Crawled caption data:
★ ★ ★

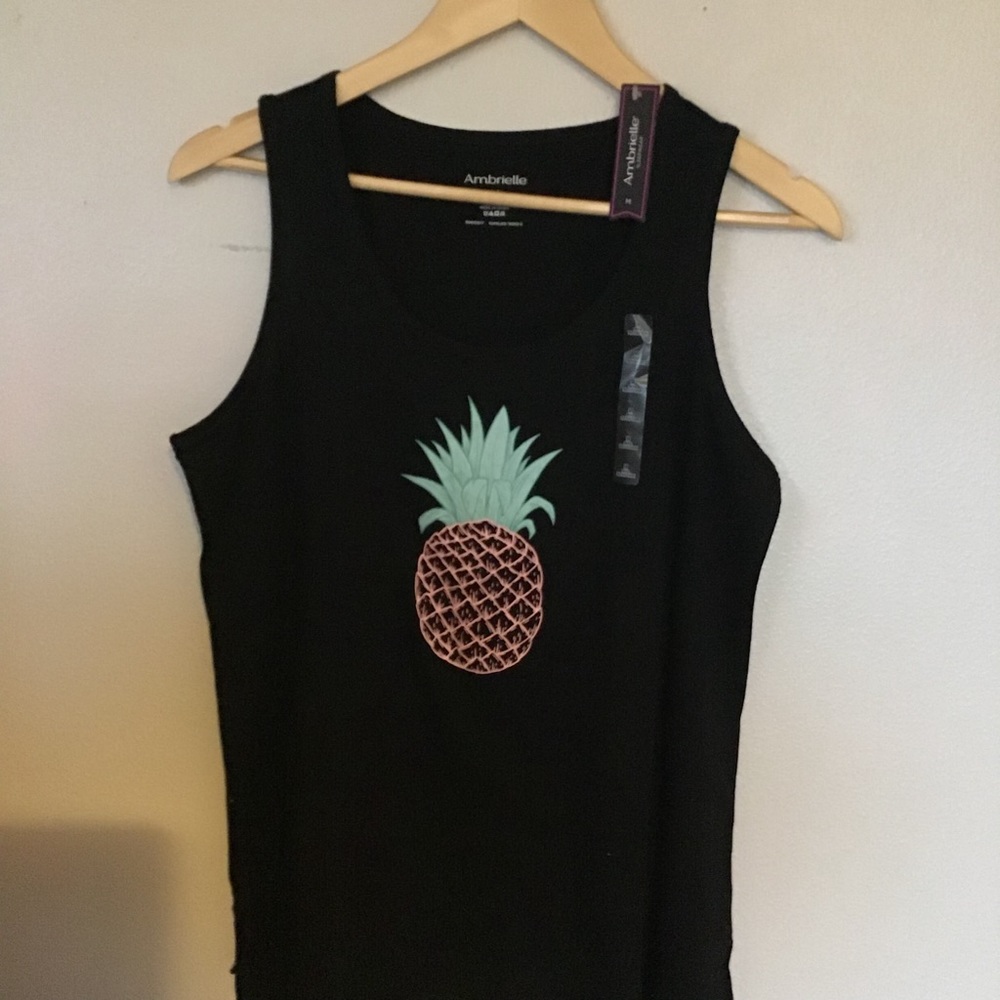 Ambrielle pineapple tank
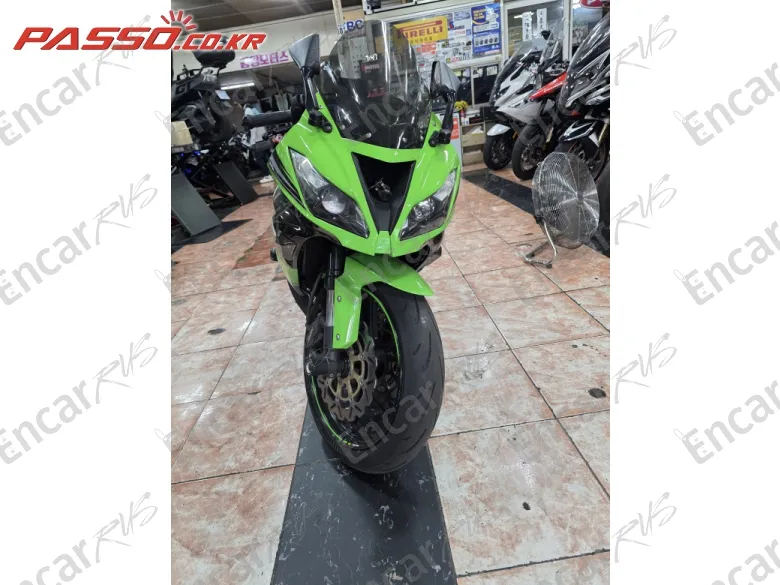 Kawasaki Zx 6 R - фото 6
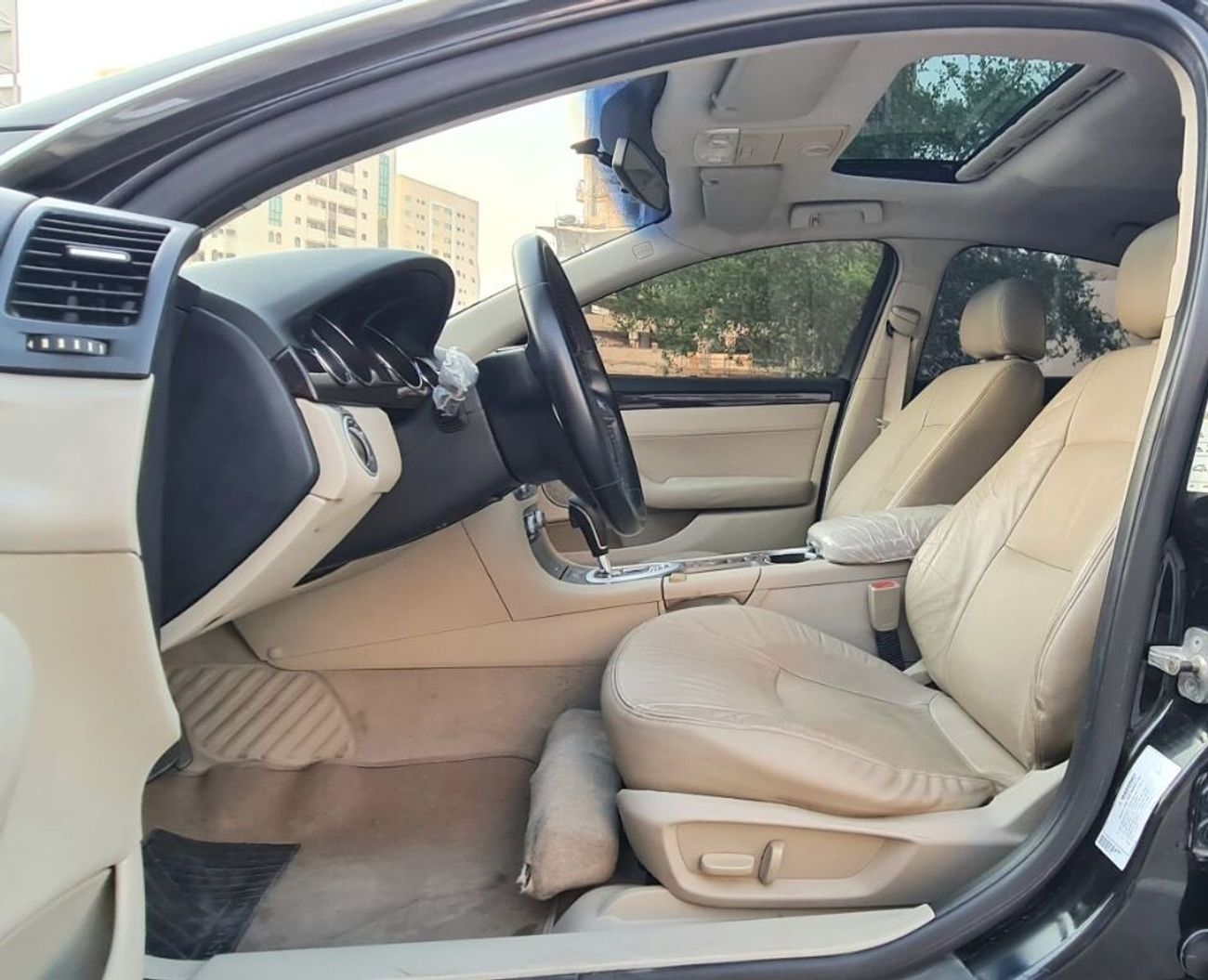 Chevrolet Caprice CHEVROLET CAPRICE LTZ GCC FULL OPTION 2012
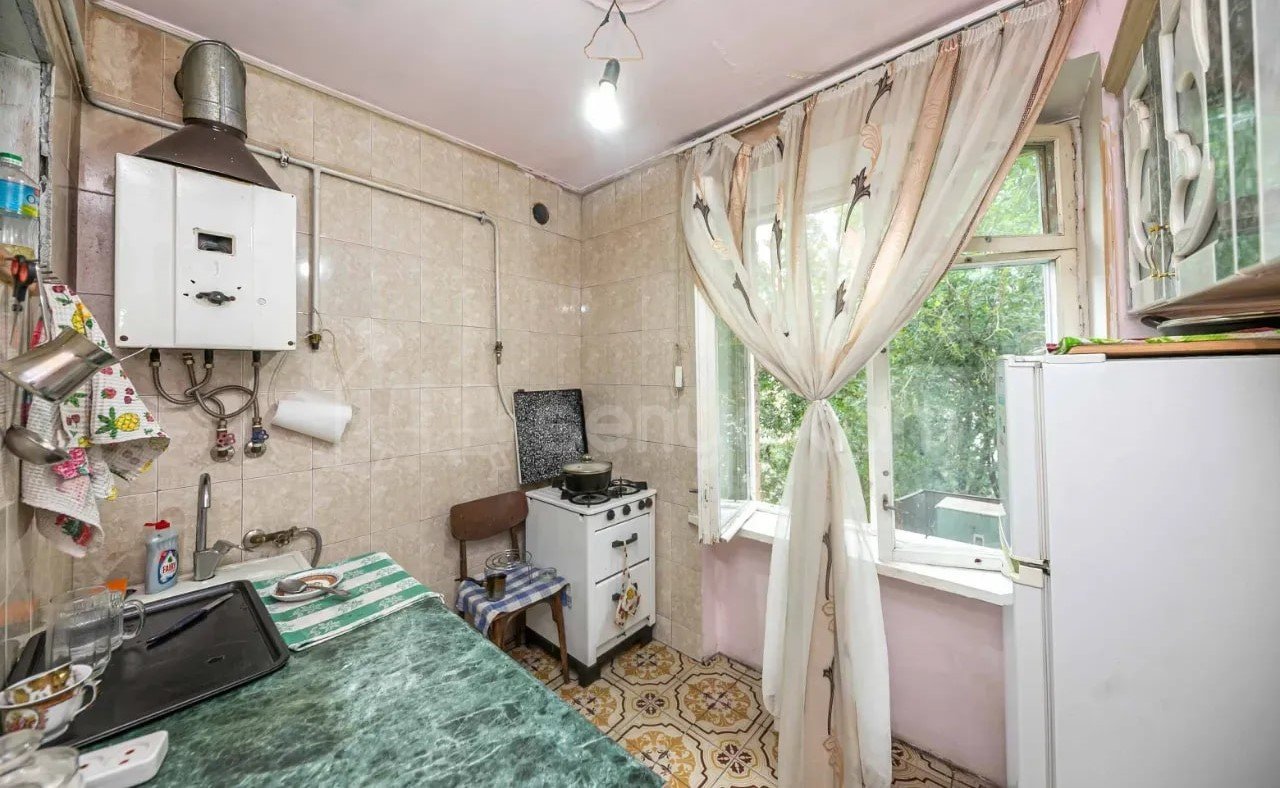 2 Սենյականոց Բնակարան Քարե Շենքում, 49քմ, 5/5 հարկ, Նորմալ Վիճակում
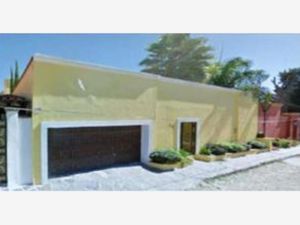 Casas en venta con 2 estacionamientos en Villas del Romeral, 38095 Celaya,  Gto., México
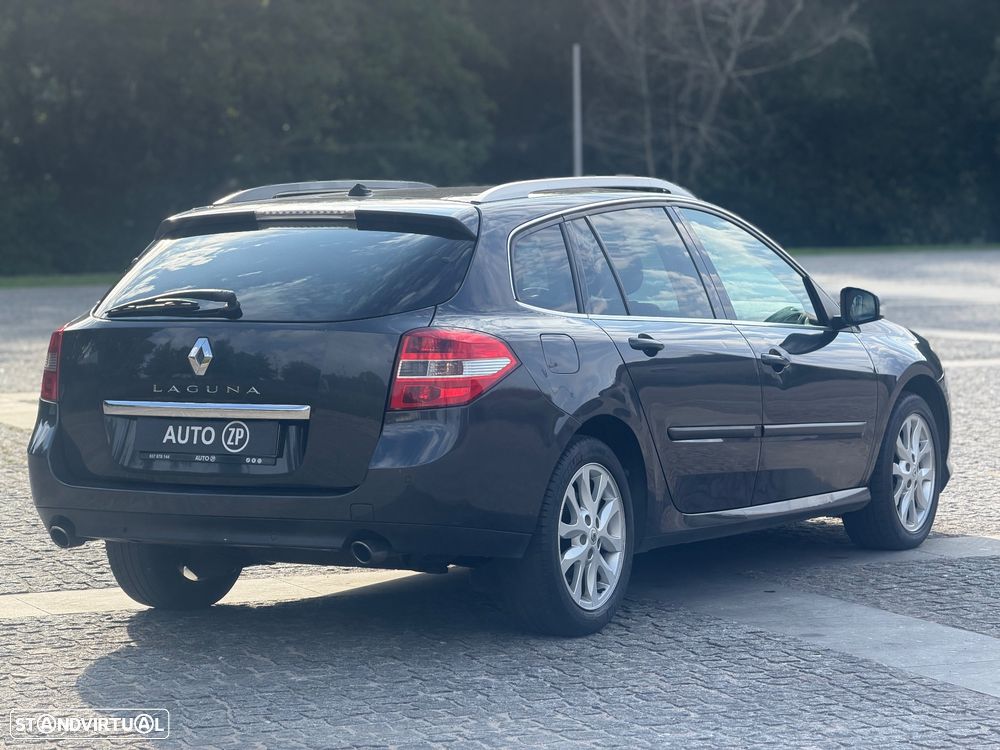 Renault Laguna 2.0 dCi Dynamique S - 5
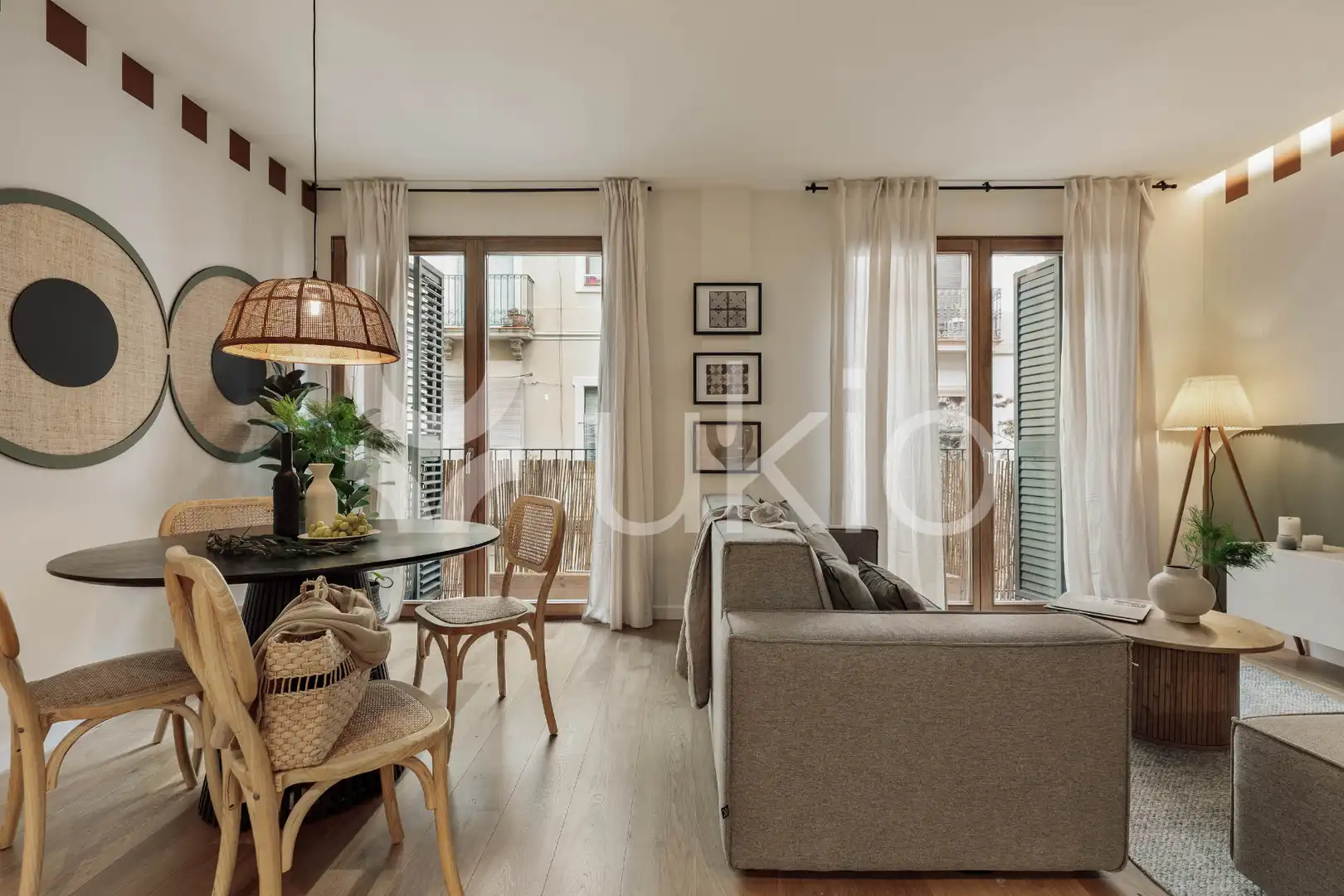 Sala de estar de Apartamento de alquiler en  Barcelona Capital con Aire acondicionado, Calefacción y Amueblado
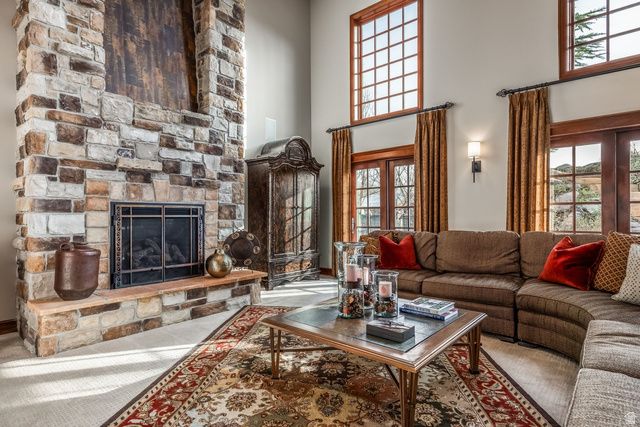 986 E WHEELER FARM CV, Salt Lake City, UT 84121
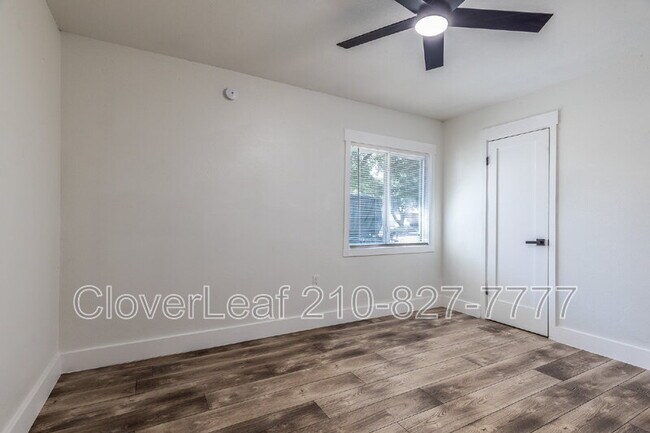 Building Photo - 9631 Ivy Bend St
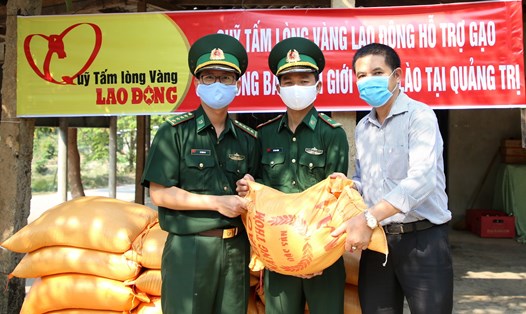 Quỹ TLV Lao Động trao gạo hỗ trợ cho người dân có hoàn cảnh khó khăn thông qua Đồn Biên phòng Ba Nang. Ảnh: Hưng Thơ.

★ ★ ★

◆ **Task**
Return the records word for word, leaving every picture out of the copy.

◆ **Answer space**
 Ambrielle pineapple tank
 Kawasaki Zx 6 R - фото 6
 Chevrolet Caprice CHEVROLET CAPRICE LTZ GCC FULL OPTION 2012
 2 Սենյականոց Բնակարան Քարե Շենքում, 49քմ, 5/5 հարկ, Նորմալ Վիճակում
 Casas en venta con 2 estacionamientos en Villas del Romeral, 38095 Celaya,  Gto., México
 Renault Laguna 2.0 dCi Dynamique S - 5
 Sala de estar de Apartamento de alquiler en  Barcelona Capital con Aire acondicionado, Calefacción y Amueblado
 986 E WHEELER FARM CV, Salt Lake City, UT 84121
 Building Photo - 9631 Ivy Bend St
 Quỹ TLV Lao Động trao gạo hỗ trợ cho người dân có hoàn cảnh khó khăn thông qua Đồn Biên phòng Ba Nang. Ảnh: Hưng Thơ.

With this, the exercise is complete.